Reuse And Verification

pipe.yaml can define a shared build pipeline and a derived verification pipeline in the same project.

version: 1

pipelines:
  - name: build
    steps:
      - name: render
        kind: shell
        run: cat input.txt > "$PIPE_STEP_OUT/out.txt"
        inputs:
          - source: input.txt
        outputs:
          - name: text
            path: out.txt
            type: file

  - name: verify
    extends: build
    steps:
      - name: compare
        kind: assert
        inputs:
          - from: render/text
          - ref: build:render/text
        assert:
          trim_space: true
        outputs:
          - name: report
            path: report.txt
            type: file
            publish: out/report.txt

That shape is useful for parity checks such as comparing a newly generated dump to a cached reference artifact without pushing anything to production.

Publish behavior

pipe supports two ways to materialize managed artifacts back into the visible project tree:

  • Manual publish with pipe publish <artifact-ref> <path>
  • Automatic publish during pipe run when an output declares publish: <relative-path> in pipe.yaml

Example output declaration:

outputs:
  - name: result
    path: result.txt
    type: file
    publish: build/result.txt

The publish target must stay within the project root.
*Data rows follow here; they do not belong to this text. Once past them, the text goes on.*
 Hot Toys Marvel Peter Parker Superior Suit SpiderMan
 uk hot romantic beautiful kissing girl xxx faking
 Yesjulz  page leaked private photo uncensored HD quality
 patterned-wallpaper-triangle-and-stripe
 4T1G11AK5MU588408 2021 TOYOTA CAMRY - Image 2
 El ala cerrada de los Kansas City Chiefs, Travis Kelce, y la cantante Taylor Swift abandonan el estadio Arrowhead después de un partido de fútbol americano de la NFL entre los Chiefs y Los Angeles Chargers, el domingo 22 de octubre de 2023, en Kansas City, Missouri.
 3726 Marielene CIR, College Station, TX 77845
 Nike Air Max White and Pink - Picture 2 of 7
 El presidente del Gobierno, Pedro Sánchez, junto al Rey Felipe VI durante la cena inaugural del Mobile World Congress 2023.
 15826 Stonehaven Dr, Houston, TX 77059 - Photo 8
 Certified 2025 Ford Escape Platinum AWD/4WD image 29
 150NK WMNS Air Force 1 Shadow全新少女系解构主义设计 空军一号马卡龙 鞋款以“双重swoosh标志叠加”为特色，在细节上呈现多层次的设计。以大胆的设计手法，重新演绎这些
During run, any published paths are printed in the command summary.

Example pipelines

  • examples/text: small, fully runnable text-processing pipeline.
  • examples/compiler: compiler-shaped pipeline with parse/typecheck/codegen stages using standard shell tools.
  • examples/dataset: production-shaped data bundle pipeline with multiple extraction steps, published outputs, a reusable reference artifact, and a parity check built with extends, ref, and assert.
  • examples/quotes: script-driven quote-card PDF pipeline using python3, patch, and pdflatex.
  • examples/latex: LaTeX-style multi-stage template matching the original spec. This one expects TeX tools such as pdflatex and bibtex.

Suggested order:

  1. Start with examples/text.
  2. Move to examples/compiler once the ref model makes sense.
  3. Try examples/dataset to see a more production-shaped pipeline with published outputs and parity verification.
  4. Try examples/quotes if you want a more real script-driven pipeline with a single final PDF artifact.
  5. Use examples/latex only if you have the TeX toolchain installed.

Storage layout

pipe init creates:

.pipe/
├── aliases/
├── config.yaml
├── db.sqlite
├── mounts/
├── objects/
└── runs/

pipe stores content-addressed files and directories under .pipe/objects/sha256, plus run manifests and step stdout/stderr under .pipe/runs/<run-id>/.

Notes

  • mount defaults to symlinks and falls back to copies when needed.
  • publish defaults to copy mode; config loading also accepts legacy expose_mode and projection_mode keys for compatibility.
  • The CLI resolves <pipeline>:<step> refs against the latest successful run of that pipeline.
  • Output paths are constrained to the per-step output directory; a step cannot declare outputs outside PIPE_STEP_OUT.